Prof. Brautsch: Technisch sind wir auf einem sehr guten Stand. Wir liefern mit KWK schon lange nicht mehr nur Strom und Wärme bis 90 Grad Celsius, sondern wir produzieren außer Strom und Wärme auch Dampf oder Gefrierkälte. Unser Institut für Energietechnik bekommt dieser Tage den Preis für das BHKW des Jahres 2017. Mit dem erschließen wir ein ganz neues Segment der KWK, nämlich maßgeschneiderte Energieversorgung für die Industrie.

(Anmerkung: Gammel Engineering wurde mit der Kraft-Wärme-Kälte-Koppelung bei Osram in Eichstätt zum „BHKW des Jahres 2016“ vom Bundesverband KWK ausgezeichnet)

 

GZET: Haben Sie dazu ein Beispiel dieser aktuellen Entwicklung parat?
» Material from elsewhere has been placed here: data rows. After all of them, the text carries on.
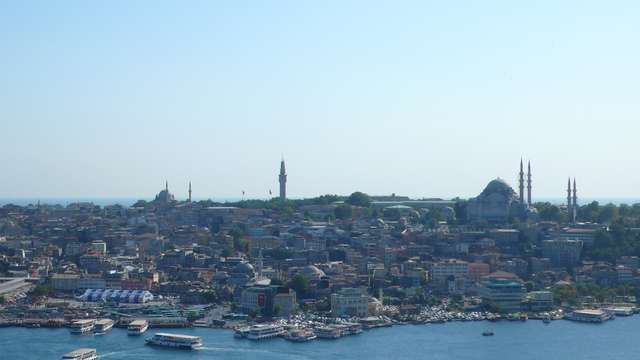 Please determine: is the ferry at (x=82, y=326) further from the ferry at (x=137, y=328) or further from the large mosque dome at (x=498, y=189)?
the large mosque dome at (x=498, y=189)

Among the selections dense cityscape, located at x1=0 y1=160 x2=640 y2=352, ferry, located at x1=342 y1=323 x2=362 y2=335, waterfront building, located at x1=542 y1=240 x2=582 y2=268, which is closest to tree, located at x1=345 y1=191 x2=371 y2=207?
dense cityscape, located at x1=0 y1=160 x2=640 y2=352

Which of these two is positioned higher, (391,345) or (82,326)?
(82,326)

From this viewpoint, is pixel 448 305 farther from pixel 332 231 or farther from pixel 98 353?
pixel 332 231

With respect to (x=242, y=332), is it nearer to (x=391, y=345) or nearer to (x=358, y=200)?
(x=391, y=345)

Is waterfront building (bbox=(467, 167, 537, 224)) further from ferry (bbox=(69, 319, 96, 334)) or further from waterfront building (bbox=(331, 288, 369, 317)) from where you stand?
A: ferry (bbox=(69, 319, 96, 334))

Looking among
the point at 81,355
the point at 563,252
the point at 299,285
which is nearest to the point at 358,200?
the point at 563,252

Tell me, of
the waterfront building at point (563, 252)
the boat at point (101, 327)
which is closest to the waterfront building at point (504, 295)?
the waterfront building at point (563, 252) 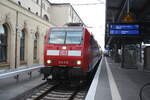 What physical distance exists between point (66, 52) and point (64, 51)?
0.12 m

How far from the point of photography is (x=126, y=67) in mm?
18312

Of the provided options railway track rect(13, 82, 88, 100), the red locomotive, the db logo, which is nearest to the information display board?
the red locomotive

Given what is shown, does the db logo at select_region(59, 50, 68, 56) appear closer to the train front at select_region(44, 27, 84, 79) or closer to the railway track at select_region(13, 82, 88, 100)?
the train front at select_region(44, 27, 84, 79)

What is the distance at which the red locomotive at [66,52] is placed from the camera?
8484mm

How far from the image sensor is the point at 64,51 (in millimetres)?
8812

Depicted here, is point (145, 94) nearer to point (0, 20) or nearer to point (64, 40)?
point (64, 40)

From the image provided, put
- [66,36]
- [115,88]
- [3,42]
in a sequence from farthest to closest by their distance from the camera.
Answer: [3,42] < [66,36] < [115,88]

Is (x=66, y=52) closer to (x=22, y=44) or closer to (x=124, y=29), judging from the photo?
(x=124, y=29)

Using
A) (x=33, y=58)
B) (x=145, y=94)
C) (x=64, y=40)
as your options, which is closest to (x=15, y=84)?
(x=64, y=40)

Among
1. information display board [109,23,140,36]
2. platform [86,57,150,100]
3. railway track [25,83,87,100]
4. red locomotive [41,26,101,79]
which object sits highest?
information display board [109,23,140,36]

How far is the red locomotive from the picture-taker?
8.48 meters

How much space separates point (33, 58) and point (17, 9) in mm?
6570

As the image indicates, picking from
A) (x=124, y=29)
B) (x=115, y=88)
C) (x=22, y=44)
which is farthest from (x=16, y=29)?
(x=115, y=88)

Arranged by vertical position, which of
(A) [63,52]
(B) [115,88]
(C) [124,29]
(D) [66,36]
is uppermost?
(C) [124,29] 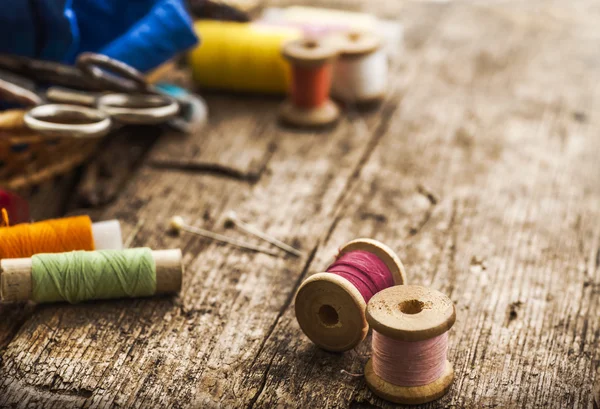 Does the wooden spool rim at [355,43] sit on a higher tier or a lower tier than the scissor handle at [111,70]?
lower

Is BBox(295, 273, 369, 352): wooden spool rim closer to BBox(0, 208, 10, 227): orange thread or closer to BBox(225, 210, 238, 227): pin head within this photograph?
BBox(225, 210, 238, 227): pin head

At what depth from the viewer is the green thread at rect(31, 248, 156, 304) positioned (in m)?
1.62

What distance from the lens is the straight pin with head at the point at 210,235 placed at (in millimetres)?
1890

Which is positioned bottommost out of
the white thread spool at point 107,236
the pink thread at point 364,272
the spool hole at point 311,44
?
the white thread spool at point 107,236

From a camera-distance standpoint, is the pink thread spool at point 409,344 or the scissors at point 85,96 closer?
the pink thread spool at point 409,344

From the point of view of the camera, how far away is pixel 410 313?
1.43 m

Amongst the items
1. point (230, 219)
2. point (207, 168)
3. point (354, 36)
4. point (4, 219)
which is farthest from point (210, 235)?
point (354, 36)

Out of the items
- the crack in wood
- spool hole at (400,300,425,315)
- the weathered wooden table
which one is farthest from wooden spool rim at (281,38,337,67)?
spool hole at (400,300,425,315)

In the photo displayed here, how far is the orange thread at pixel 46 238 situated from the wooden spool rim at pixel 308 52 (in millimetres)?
878

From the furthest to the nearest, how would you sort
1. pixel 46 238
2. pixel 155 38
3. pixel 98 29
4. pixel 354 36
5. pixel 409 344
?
pixel 354 36 → pixel 98 29 → pixel 155 38 → pixel 46 238 → pixel 409 344

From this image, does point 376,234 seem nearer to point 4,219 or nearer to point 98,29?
point 4,219

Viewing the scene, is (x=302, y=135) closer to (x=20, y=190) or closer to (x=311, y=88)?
(x=311, y=88)

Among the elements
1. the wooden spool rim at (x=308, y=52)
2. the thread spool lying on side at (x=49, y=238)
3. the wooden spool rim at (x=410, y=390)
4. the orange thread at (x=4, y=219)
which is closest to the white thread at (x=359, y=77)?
the wooden spool rim at (x=308, y=52)

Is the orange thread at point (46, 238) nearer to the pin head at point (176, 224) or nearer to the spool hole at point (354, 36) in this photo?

Prof. Brautsch: Wir sind technologisch viel weiter, als man glaubt, vom Anwendungsspektrum ebenso wie vom Wirkungsgrad: 45 Prozent Strom ist kein Problem. Und technisch sind wir auch auf einem herausragend guten Stand. Zum Beispiel: Die Zündkerze meldet sich selber, wenn sie gewartet werden muss. Das senkt die Instanthaltungskosten.

 

GZET: Aber ist das auch in den Köpfen der Wirtschaft angekommen?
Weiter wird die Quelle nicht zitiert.